This notebook is a work in progress process for initializing the Geoscience Knowledgebase with a set of properties and foundational semantics that establishes a base to build from in curating geoscientific knowledge. Our initial use cases have to do with integrating mineral occurrence information along with document references contributing to those and other facts and concepts associated with conducting mineral resource assessment. In order to build a useful knowledge graph on these concepts, though, we also need to tie in lots of other things needed for the claims associated with these things to legitimately link to other things.

For instance, we use NI "43-101 Technical Reports" and a newer "SK-1300 Technical Report" as sources for claims associated with mining projects/properties such as geographic location, mineral commodities identified and/or extracted, figures indicating estimates of ore grade and tonnage, and other details. These are technical geoscientific reports required by the Canadian and U.S. governments, respectively. We need an "instance of" (rdf:type) claim on everything like this in the system. While we could simply create items in the graph to represent these two classes with no further classification, it is useful to "work back up the semantic hierarchy" for as many concepts as we can as far as we need to in order for the information we are recording in the GeoKB to be understandable in the broader global knowledge commons (Wikidata and/or other efforts).

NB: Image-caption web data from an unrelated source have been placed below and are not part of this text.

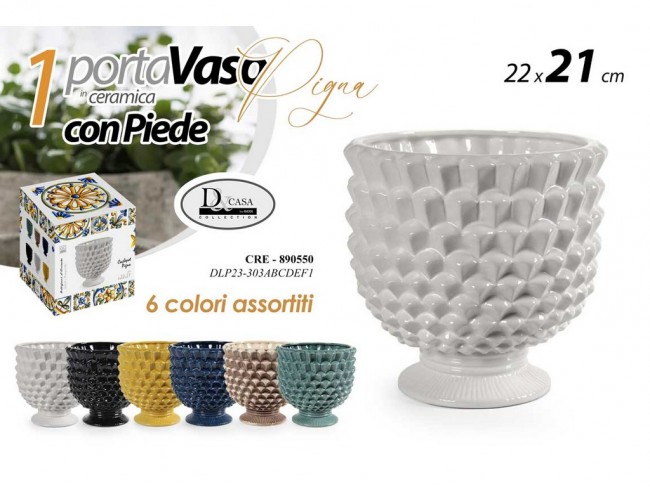 PIGNA VASO CERAMICA GICOS COLORI ASSORTITI CM. 22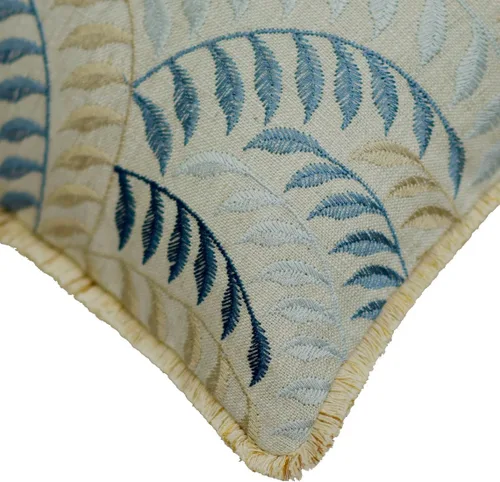 Vista 184 de The HomeCentric Funda de almohada con cremallera, funda de cojín azul de 12 x 12 pulgadas, funda de cojín de algodón bordado para sofá, diseño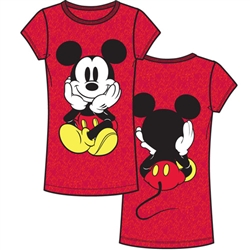 Adult Womens Fashion Top Mickey Front and Back, Cherry Red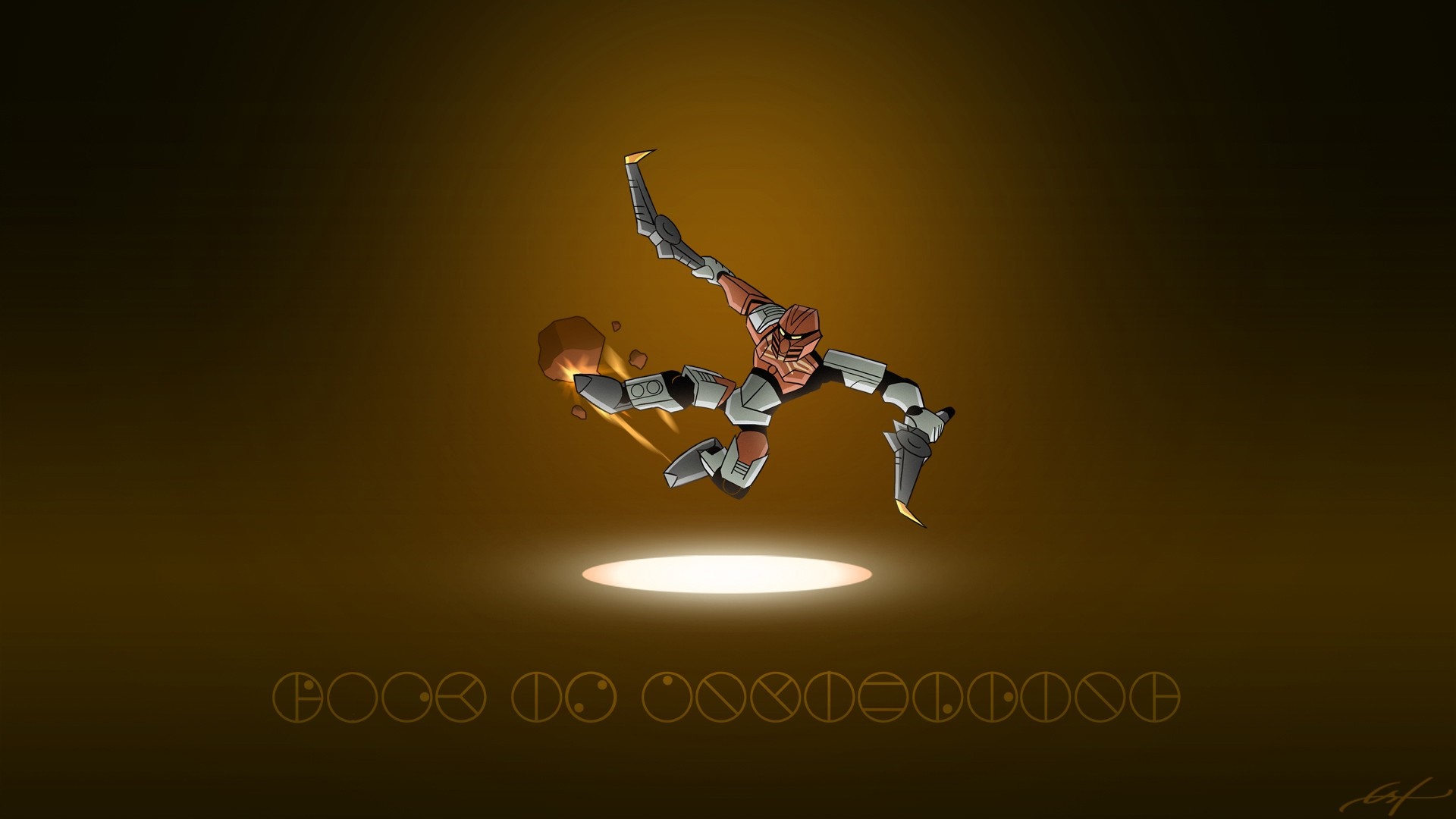 Toa of Bionicle throwing a rock HD Wallpaper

The initialization process here is designed to give us a semantic baseline to work from as we pull in the information and connections we really care about within this context. We're taking a pragmatic approach that is slightly more rigorous (and certainly more streamlined) than the wild west of Wikidata but somewhere short of endlessly academic. We have to get a whole bunch of information into the GeoKB to support analytical use, so we make a best effort to align what we have with mature ontologies and namespaces, knowing we'll have to evolve it over time. The notebook approach on this gives us a good basis to record our reasoning and the places we have to make pragmatic tradeoffs.

In [16]:
import os
import pandas as pd
from datetime import datetime
import swifter

from wikibaseintegrator import WikibaseIntegrator, wbi_login
from wikibaseintegrator.wbi_config import config as wbi_config
from wikibaseintegrator.datatypes import Item

from utils import (
    sparql_query,
    query_by_item_label,
    property_query
)

## Parameters

If we want to run this and other notebooks as Lambdas eventually, we'll need to set up some paramters. I moved the stuff we want to keep somewhat secret to environment variables as a safety measure.

In [2]:
geokb_init_sheet_id = '1dbuKc4cZJz0YY81B2xWXM5fId6gWgzmQar3hg3CI0Rw'

wbi_config['MEDIAWIKI_API_URL'] = os.environ['MEDIAWIKI_API_URL']
wbi_config['SPARQL_ENDPOINT_URL'] = os.environ['SPARQL_ENDPOINT']
wbi_config['WIKIBASE_URL'] = os.environ['WIKIBASE_URL']

In [29]:
geokb_auth = wbi_login.Login(
    user=os.environ['WB_BOT_NAME'], 
    password=os.environ['WB_BOT_PASS']
)
wbi = WikibaseIntegrator(login=geokb_auth)

## Functions

All or most of these functions should be movable to the abstract Wikibase management python package we are designing. That needs to be applicable to the GeoKB but generic enough to apply in other types of domains and circumstances. There are other communities doing similar work such as the wikidataintegrator project in the health sciences. We just found a need to start from the basics of pywikibot and how it operates.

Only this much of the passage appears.